The Review Bottleneck

Building departments are losing experienced plan reviewers faster than they can replace them. AI-assisted review addresses the labor shortage, cuts cycle times, and eliminates the inconsistency that makes the permitting process unpredictable.

By Will Maclean

In most cities, housing production moves at the speed of plan review. A permit application sits in a queue until a staff reviewer checks the drawings against the IBC, state amendments, local ordinances, and ADA requirements. For a mid-size commercial project, that review takes 20 to 40 hours of reviewer time. Departments handling hundreds of applications per month don't have that time to spare, and the queue grows.

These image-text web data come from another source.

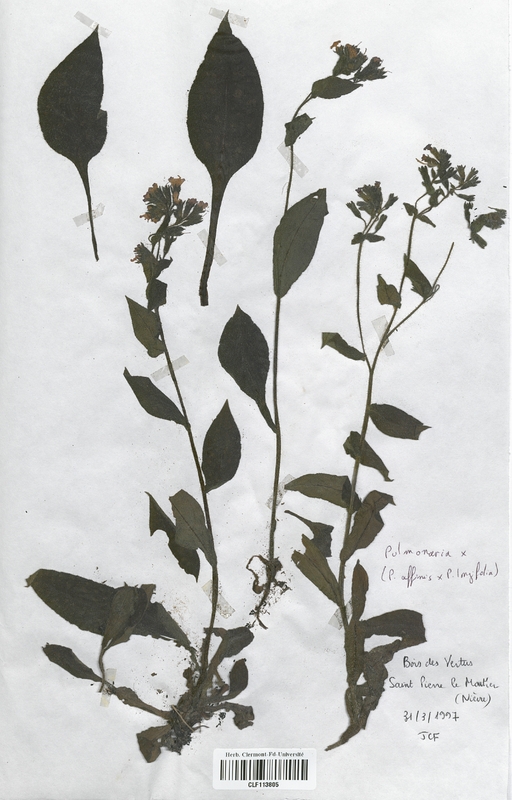 Pulmonaria affinis x longifolia (Boraginaceae)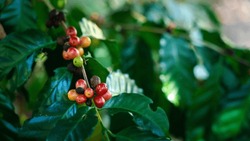 Banner Ripe Coffee Beans On Brance Tree. Harvesting Robusta And Arabica Coffee Berries By Agriculturist Hands, Worker Harvest Arabica Coffee Berries On Its Branch.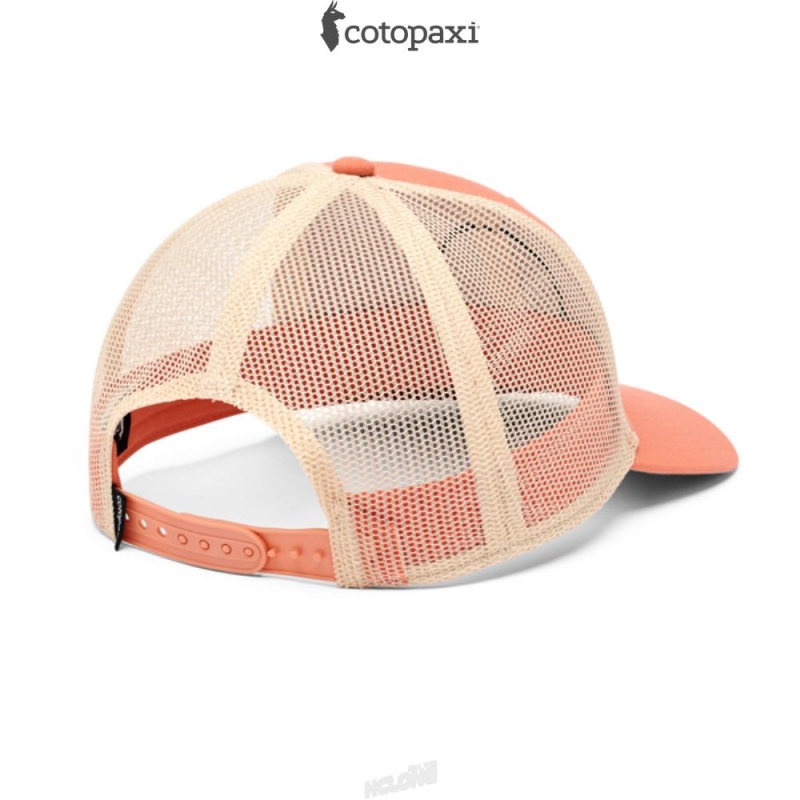 Cotopaxi Sunny Side Trucker Hat Nectar | SH45-T3-ZZ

The cost is not abstract. The National Association of Home Builders estimates the carrying cost of permit delays at roughly $6,538 per month per lot. For a multifamily project waiting eight weeks for a first review, that figure compounds across every unit in the pipeline. Multiply it across every jurisdiction running behind, and you begin to see the shape of the problem.

The Workforce Cliff

The labor shortage in plan review is structural, not cyclical. The Bureau of Labor Statistics projects building inspector employment to decline 5 percent through 2032, driven primarily by retirements. The reviewers who know the code — who carry decades of institutional knowledge about local amendments, historical enforcement patterns, and the practical implications of fire separation requirements — are leaving faster than departments can hire and train replacements.

This is not a hiring problem that better salaries alone can solve. The pipeline of qualified reviewers has narrowed because the work requires a combination of construction knowledge, code fluency, and regulatory judgment that takes years to develop. Meanwhile, the code itself adds complexity with each new edition cycle, raising the bar for entry while the pool of candidates shrinks.

The Consistency Problem

What often goes undiscussed is the inconsistency this creates alongside the delays. Two reviewers working from the same code will flag different issues on the same set of plans. One catches a non-compliant egress width under IBC 1005.1; the other misses it. One demands documentation for a fire-resistive assembly; the other doesn't ask.

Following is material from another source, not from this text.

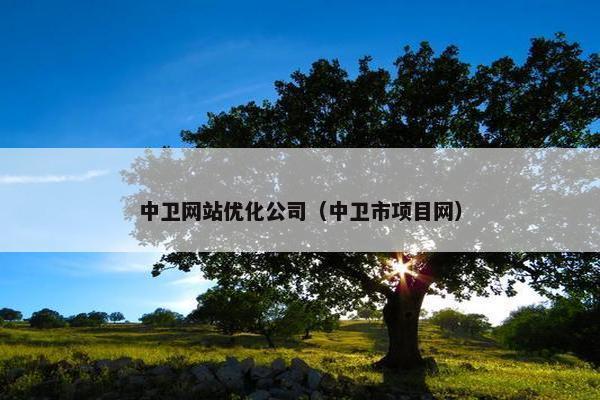 中卫网站优化公司（中卫市项目网）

Architects and contractors figure this out. In high-volume jurisdictions, experienced applicants learn which reviewers are strict on which sections. They route submissions accordingly, or they resubmit until an overloaded department approves. This is not an edge case. It is standard operating procedure in markets where the review queue is measured in months rather than weeks.

The downstream effect is that code compliance becomes partly a function of reviewer assignment rather than plan quality. That undermines the purpose of the review process entirely.

The 2024 IBC Compounds the Problem

The 2024 IBC adoption cycle is landing on departments already running behind. Several meaningful changes will require reviewers to retrain:

  • Section 1010.1 revises door hardware requirements for egress in Group I and Group R occupancies.
  • Section 903.2 updates when sprinkler systems are required in Group A occupancies.
  • Section 1209 changes occupant load calculations for toilet and bathing facilities.

Most jurisdictions are still operating under 2018 or 2021 editions. Retraining a department on 2024 while simultaneously working through an existing backlog is not a theoretical challenge. It is the reality facing most building departments over the next two years.

What AI-Assisted Review Actually Does

AI-assisted plan review addresses the labor problem without requiring departments to find reviewers who don't exist. The mechanical work — checking dimensions against code minimums, verifying occupant loads, flagging missing required elements, cross-referencing occupancy classifications against fire separation requirements — gets handled automatically.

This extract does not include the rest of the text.